PURCHASED CREDIT-IMPAIRED (PCI) LOANS Loans
acquired with evidence of credit deterioration since their
origination and where it is probable that we will not collect all
contractually required principal and interest payments are PCI
loans. Substantially all of our PCI loans were acquired in the
Wachovia acquisition on December 31, 2008. PCI loans are
recorded at fair value at the date of acquisition, and the
historical allowance for credit losses related to these loans is not
carried over. The carrying value of PCI loans totaled
$20.0 billion at December 31, 2015, down from $23.3 billion and
$58.8 billion at December 31, 2014 and 2008, respectively. Such
loans are considered to be accruing due to the existence of the
accretable yield and not based on consideration given to
contractual interest payments.
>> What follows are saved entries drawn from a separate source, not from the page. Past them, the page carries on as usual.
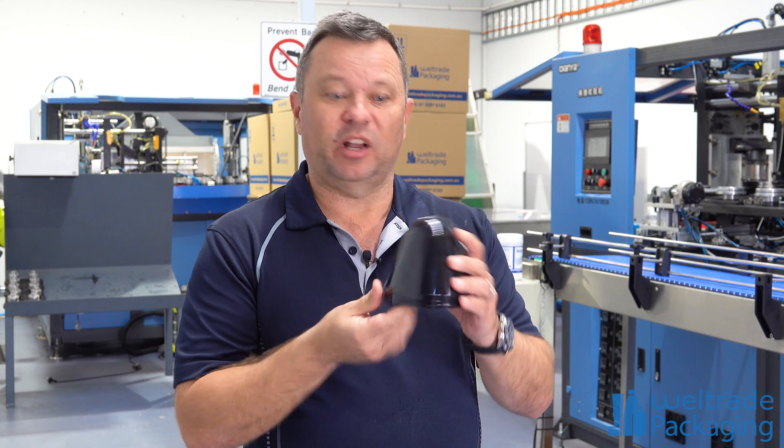At Welltrade Packaging, we produce two-stage PET jars and bottles. The difference between two-stage and single-stage PET is that we start with a preform — something like a test tube that we reheat, blow, and stretch out to the shape of a jar. That can be a jar from 200 mils up to six and a half litres, which is the biggest jar we do here at Welltrade Packaging.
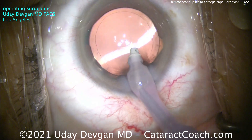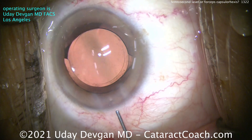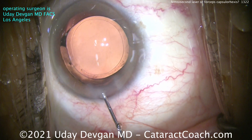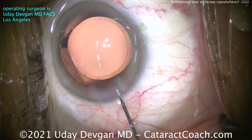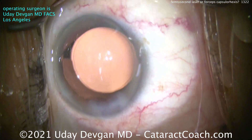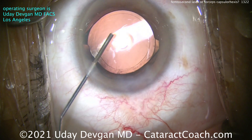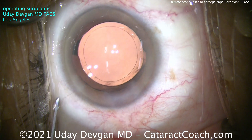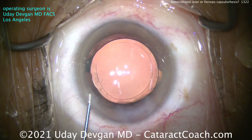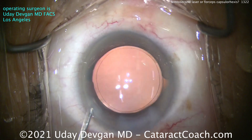Sometimes it helps to think from a different perspective. What if the norm was to use a half-million dollar laser to make a capsular opening? And then someone invented forceps — available for a few hundred to a thousand dollars — and you can make an equally good or sometimes even better opening just with these forceps. You'd say, wow, what an improvement. For one five-hundredth the cost, you can achieve the same thing.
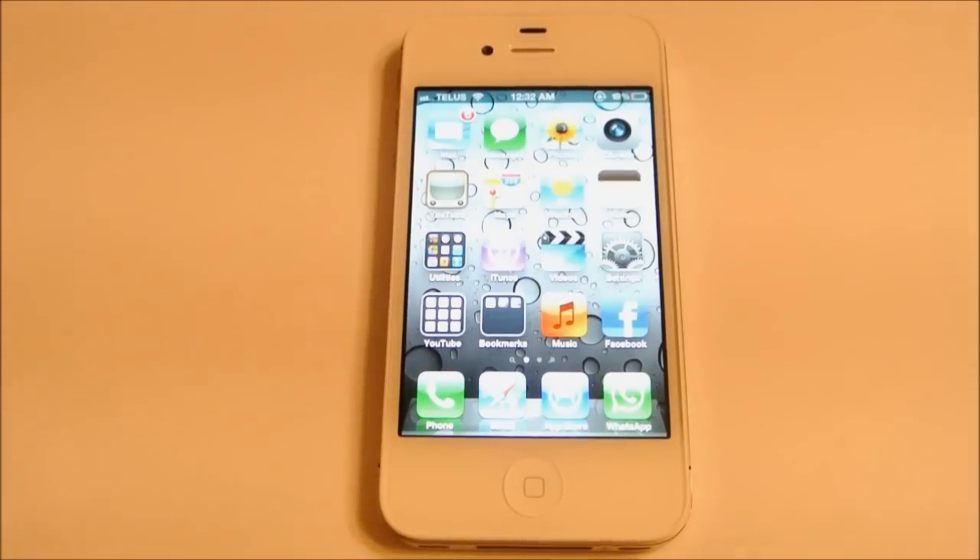Hi everyone, Phil from 4S Technology. I know a lot of people are experiencing problems with their iPhone 4S getting the invalid SIM, no SIM, or no service on their phone.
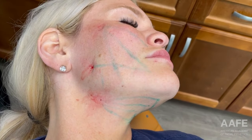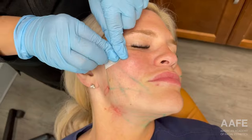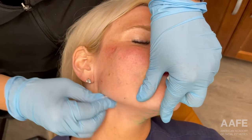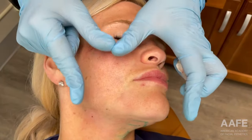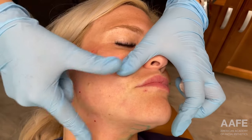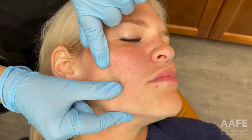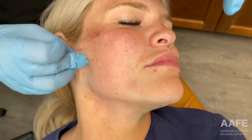Now we're going to swipe off our vectors and make sure all the barbs have engaged. These threads are bi-directional, meaning those barbs are going in both directions. In order to fully engage them, we need to be putting pressure on the thread going in both ways. Just going over it with my thumbs — you can feel those barbs catching, and she can probably feel them too. This is also working out any of the dimples that we can sometimes see with threads and making sure we're getting that ultimate lift. Then we'll put some band-aids on her and she's good to go.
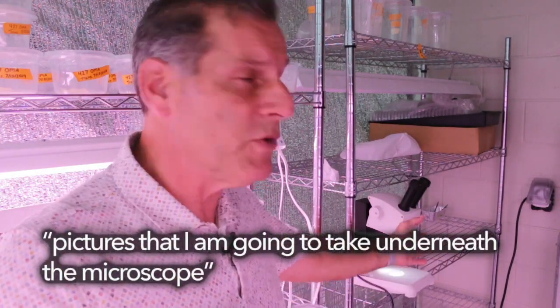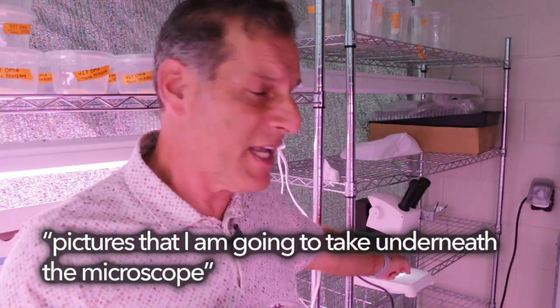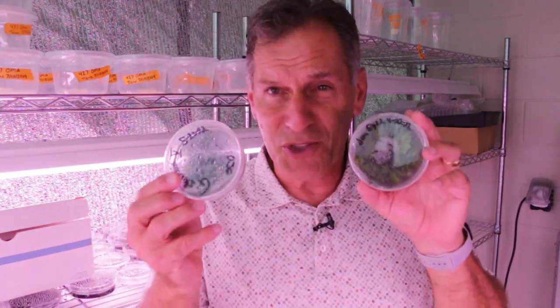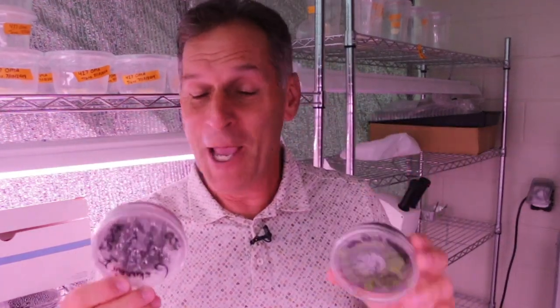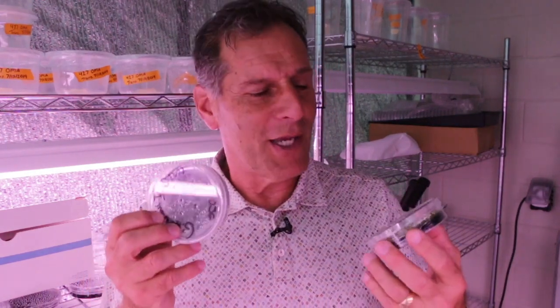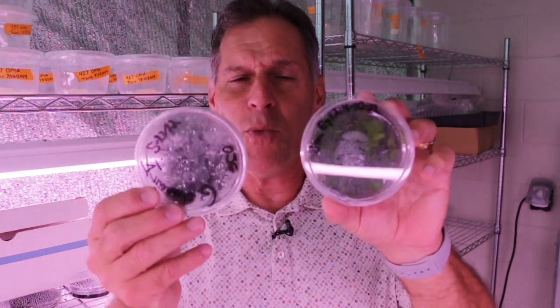When you look at the seeds underneath the microscope, I'm going to show you a picture. This scope isn't set up for image capture, but I have another scope that is. Some things you can't see here or with the naked eye very easily, so I'm going to do image capture underneath the other scope and insert those images into the video as we move forward.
The accretable yield at
December 31, 2015, was $16.3 billion.
A nonaccretable difference is established for PCI loans to
absorb losses expected on the contractual amounts of those
loans in excess of the fair value recorded at the date of
acquisition. Amounts absorbed by the nonaccretable difference
do not affect the income statement or the allowance for credit
losses. Since December 31, 2008, we have released $11.7 billion
in nonaccretable difference, including $9.7 billion ($1.2 billion
in 2015) transferred from the nonaccretable difference to the
accretable yield and $2.0 billion released to income through
loan resolutions. Also, we have provided $1.7 billion for losses
on certain PCI loans or pools of PCI loans that have had credit-
related decreases to cash flows expected to be collected. The net
result is a $10.0 billion reduction from December 31, 2008,
through December 31, 2015, in our initial projected losses of
$41.0 billion on all PCI loans. At December 31, 2015, $1.9 billion
of nonaccretable difference remained to absorb losses on PCI
loans.
For additional information on PCI loans, see Note 1
(Summary of Significant Accounting Policies – Loans) and
Note 6 (Loans and Allowance for Credit Losses) to Financial
Statements in this Report.
Significant Loan Portfolio Reviews Measuring and
monitoring our credit risk is an ongoing process that tracks
delinquencies, collateral values, FICO scores, economic trends
by geographic areas, loan-level risk grading for certain portfolios
(typically commercial) and other indications of credit risk. Our
credit risk monitoring process is designed to enable early
identification of developing risk and to support our
determination of an appropriate allowance for credit losses. The
following discussion provides additional characteristics and
analysis of our significant portfolios. See Note 6 (Loans and
Allowance for Credit Losses) to Financial Statements in this
Report for more analysis and credit metric information for each
of the following portfolios.
COMMERCIAL AND INDUSTRIAL LOANS AND LEASE
FINANCING For purposes of portfolio risk management, we
aggregate commercial and industrial loans and lease financing
according to market segmentation and standard industry
codes. We generally subject commercial and industrial loans and
lease financing to individual risk assessment using our internal
borrower and collateral quality ratings. Our ratings are aligned
to regulatory definitions of pass and criticized categories with
criticized divided between special mention, substandard,
doubtful and loss categories.
The commercial and industrial loans and lease financing
portfolio totaled $312.3 billion, or 34% of total loans, at
December 31, 2015. The net charge-off rate for this portfolio was
0.16% in 2015 compared with 0.10% in 2014. At December 31,
2015, 0.44% of this portfolio was nonaccruing, compared with
0.20% at December 31, 2014. In addition, $19.1 billion of this
portfolio was rated as criticized in accordance with regulatory
guidance at December 31, 2015, compared with $16.7 billion at
December 31, 2014. The increase in nonaccrual and criticized
loans in this portfolio was predominantly in the oil and gas
portfolio.
A majority of our commercial and industrial loans and lease
financing portfolio is secured by short-term assets, such as
accounts receivable, inventory and securities, as well as long-
lived assets, such as equipment and other business assets.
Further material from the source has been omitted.